Policy forms subject to Sections
627.6425 or
627.6571, F.S.
b. When an insurer discontinues offering a
particular policy form for health insurance coverage pursuant to Section
627.6425(3)(a),
F.S.:
(I) The nonrenewal of coverage shall
occur on the policy anniversary;
(II) The offer of new coverage pursuant to
Section 627.6425(3)(a)2., F.S., shall be considered a renewal of coverage and
shall be renewed on the policy anniversary at the same class basis as the
coverage being discontinued.
(III)
If the forms do not have consistent class definitions, the class shall be
determined based on the original application and underwriting status of the
individual when the discontinued coverage was first issued.
(IV) For policy forms subject to Section
627.6571, F.S., the renewal or
nonrenewal of coverage shall be coincident with the effective date of coverage
when the group is rerated, which is generally the annual anniversary of the
group.
(d) Non-Cancelable: Renewal cannot be
declined for any reason other than fraud, misrepresentation, or failure to pay
the premium when due, and that rates cannot be revised by the
insurer.
(e) Non-Renewable: A
contractual provision exists which prevents a policy duration of more than a
specific period, which shall be no more than 1 year.
(21) Select and Ultimate Premium Schedule:
Any premium schedule which has premiums that vary based on the time elapsed
since issuance of the policy. These do not include rate schedules that reduce
due to temporary risk charges, a one-time policy fee, or policyholder action to
reduce benefits.
(22) Similar
Benefits:
(a) Policy forms shall be considered
to have similar benefits if the benefit configuration under the forms is of the
same type. Dental, hospital and accidental death are examples of different
benefit configurations. Policy forms providing expense coverage are not
considered similar to policy forms providing indemnity coverage.

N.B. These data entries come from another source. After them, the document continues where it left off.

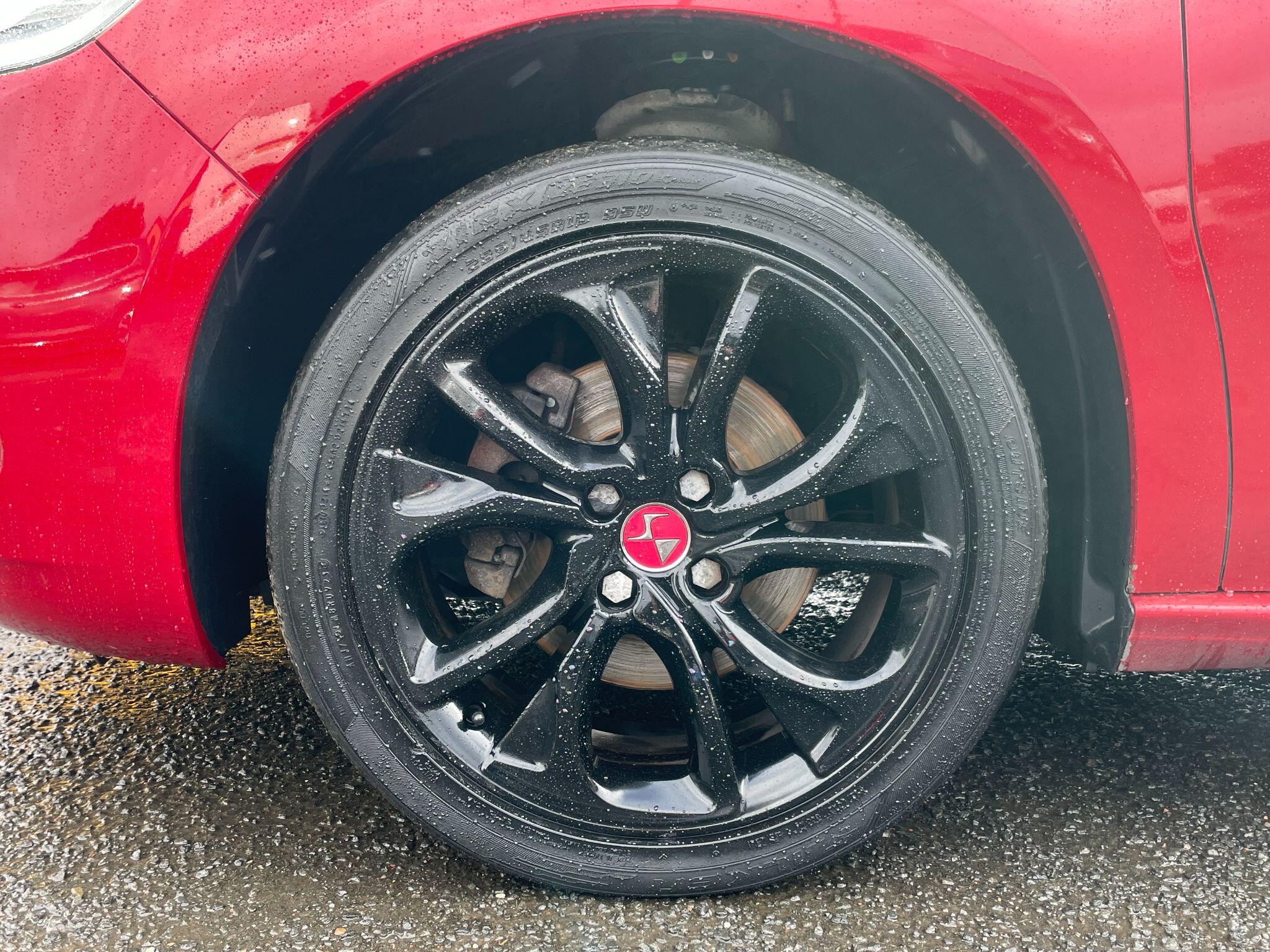 DS Automobiles DS 4 view 8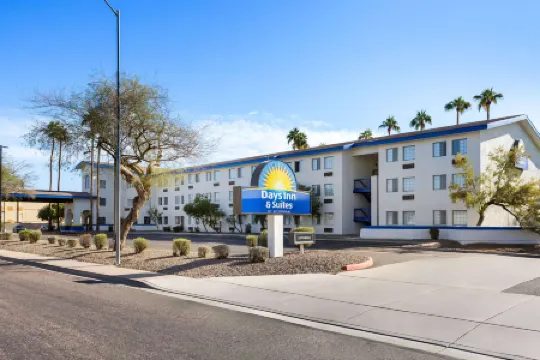 Days Inn & Suites by Wyndham Mesa Near Phoenix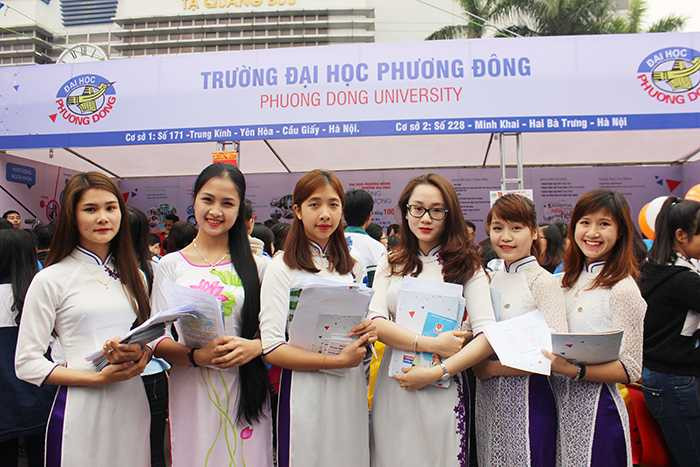 Ngày hội tư vấn-tuyển sinh.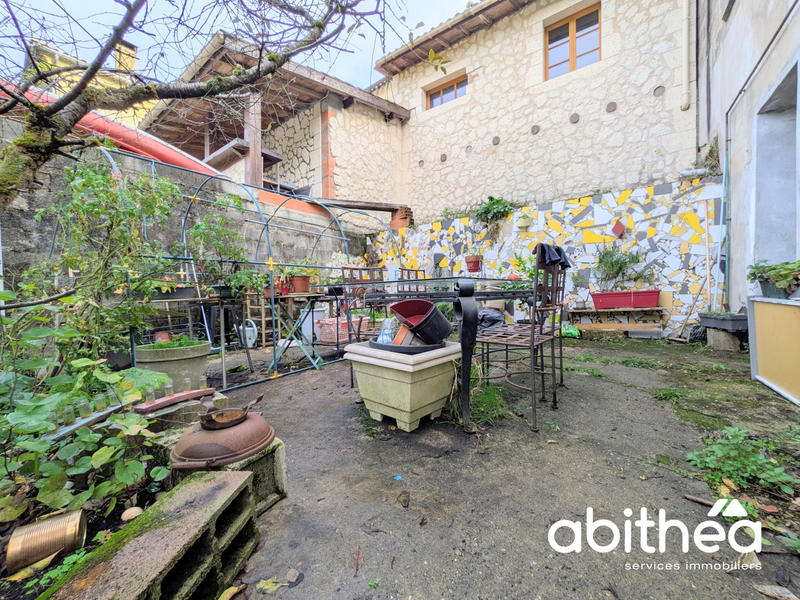 Maison - 107 m² - 6 pièces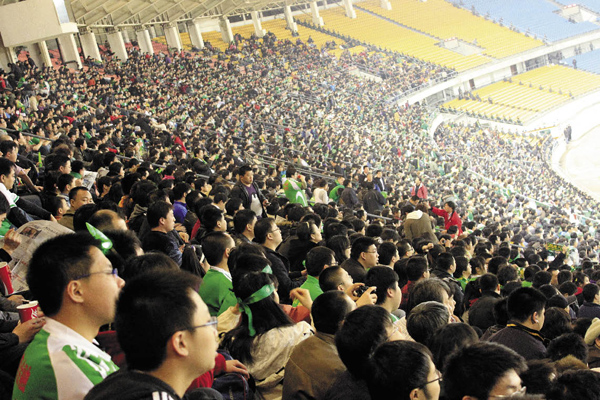 Des partisans pendant un match entre deux équipes de la Ligue de Chine, au Stade des travailleurs de Beijing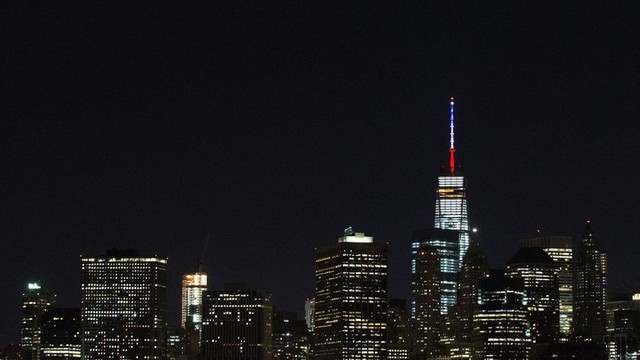 
Ăng-ten trên đỉnh Trung tâm thương mại thể giới tại New York với màu cờ Pháp. Nguồn: AFP
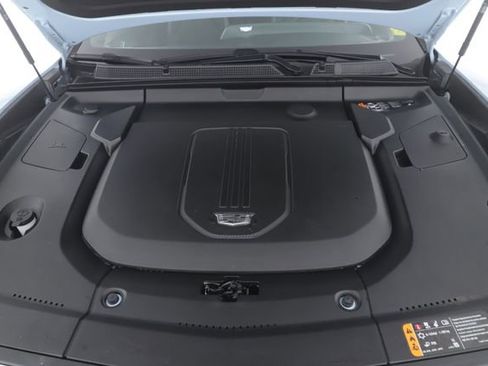 Used 2024 Cadillac Lyriq Tech RWD image 15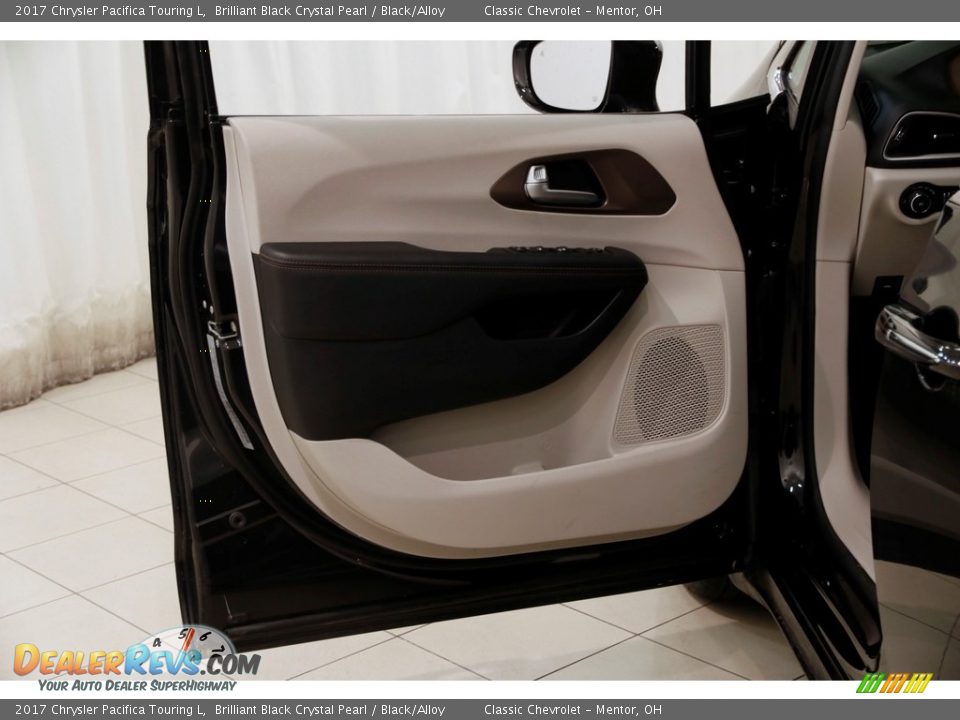2017 Chrysler Pacifica Touring L Brilliant Black Crystal Pearl / Black/Alloy Photo #4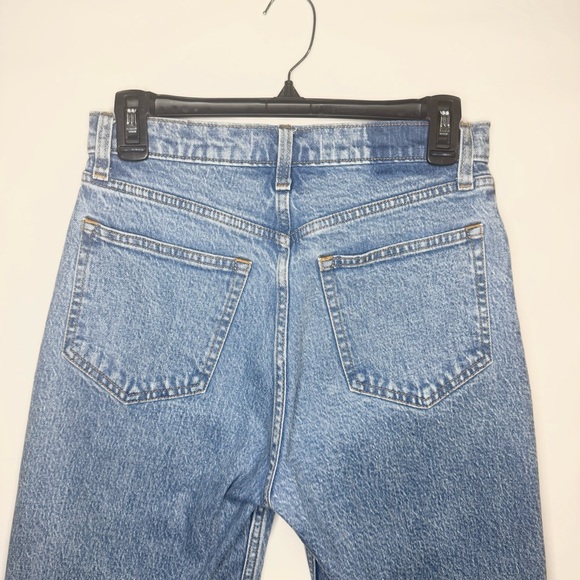 Abercrombie & Fitch 90’s Relaxed Fit High Waisted Jeans Medium Wash Size 2 - Picture 5 of 6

(b) Covered services, benefit triggers, copay
amounts, copay options, deductible sizes, daily limits, inside and outside
limits may vary and shall be considered as having similar
benefits.
(23) Stop-Loss
Insurance: Coverage purchased by an entity, generally an employer, for the
purpose of covering the entity's obligation for the excess cost of medical care
provided under a self-insured health benefit plan. Stop-loss coverage issued to
a small employer shall not be subject to the requirements of Section
627.6699, F.S. The coverage
shall be considered as a health insurance policy, rather than as a stop-loss
insurance policy if the policy:
(a) Has an
attachment point for claims incurred per individual which is lower than
$20,000; or
(b)
1. For insured employer groups with fifty
(50) or fewer covered employees, has an aggregate attachment point which is
lower than the greater of:
a. $4,000 times
the number of employees;
b. 120
percent of expected claims; or
c.
$20,000; or
2. For
insured employer groups with fifty-one (51) or more covered employees, has an
aggregate attachment point which is lower than 110 percent of expected
claims.
3. Insurers shall determine
the number of covered employees of an employer on a consistent basis (such as
annually and at a uniform time).
(24) Target Loss Ratio: The lifetime loss
ratio and the present value of the durational loss ratios developed in initial
pricing projections as may be subsequently amended and approved pursuant to
this rule chapter. For annually rated groups, the anticipated loss ratio over
the rating period.
Notes
Rulemaking Authority 624.308(1), 627.410(6)(b), (e) FS. Law Implemented 627.410(1), (2), (6), 627.411(1)(e) FS.
New 6-19-03, Formerly 4-149.0025, Amended 5-18-04, 12-22-05, 10-1-08.